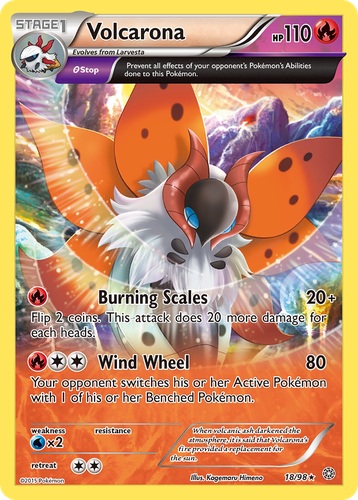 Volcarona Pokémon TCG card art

--

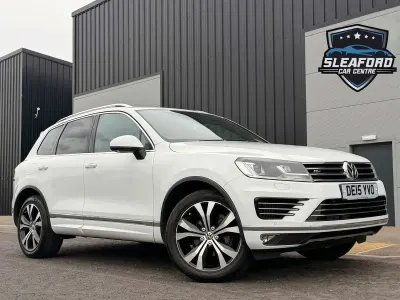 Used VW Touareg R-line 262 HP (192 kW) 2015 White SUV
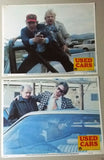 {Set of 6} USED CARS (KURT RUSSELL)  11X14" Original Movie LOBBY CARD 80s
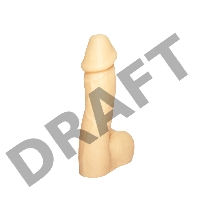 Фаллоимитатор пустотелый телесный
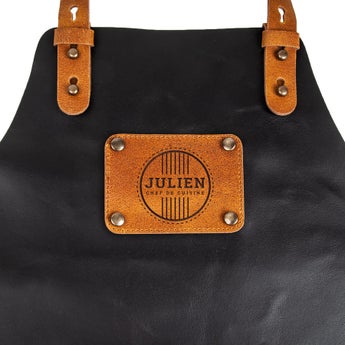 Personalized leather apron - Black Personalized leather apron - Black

**Problem description**:
Out of the records above, return only the lines from the one with "LOBBY CARD 80s" through the one with "Personalized leather apron - Black Personalized", exactly, and none of the pictures.

**Result for this exercise**:
 {Set of 6} USED CARS (KURT RUSSELL)  11X14" Original Movie LOBBY CARD 80s
 Фаллоимитатор пустотелый телесный
 Personalized leather apron - Black Personalized leather apron - Black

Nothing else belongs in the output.